### Exercise
Could you retype the records word for word but without any pictures?

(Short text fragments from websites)
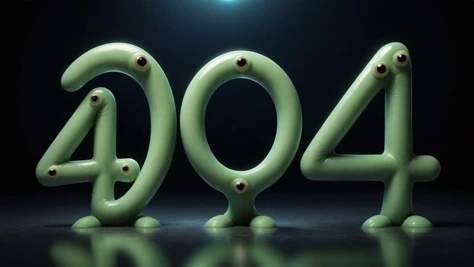 (3 alien creature in the shape of the numbers 404) BREAK
(alien creature in the shape of the number four) BREAK
(alien creature in the shape of the number zero) BREAK
(alien creature in the shape of the number four)
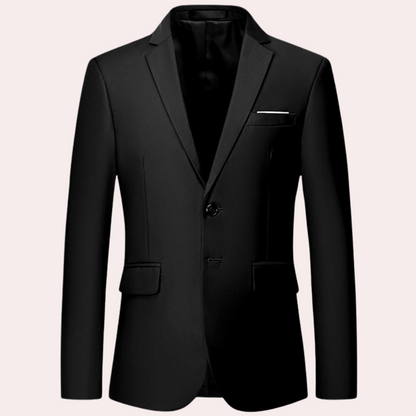 Men's Blazer Navy Tailored Fit Polyester - 5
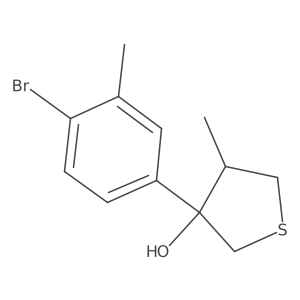 3-(4-Bromo-3-methylphenyl)-4-methylthiolan-3-ol Structure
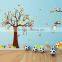Christmas custom DIY tree home wall decor stickers water-proof removable vinyl home decoration tree wall decal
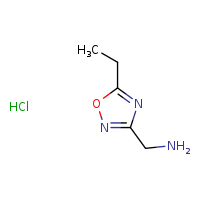 1-(5-ethyl-1,2,4-oxadiazol-3-yl)methanamine hydrochloride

### Reply
 (3 alien creature in the shape of the numbers 404) BREAK
(alien creature in the shape of the number four) BREAK
(alien creature in the shape of the number zero) BREAK
(alien creature in the shape of the number four)
 Men's Blazer Navy Tailored Fit Polyester - 5
 3-(4-Bromo-3-methylphenyl)-4-methylthiolan-3-ol Structure
Christmas custom DIY tree home wall decor stickers water-proof removable vinyl home decoration tree wall decal
 1-(5-ethyl-1,2,4-oxadiazol-3-yl)methanamine hydrochloride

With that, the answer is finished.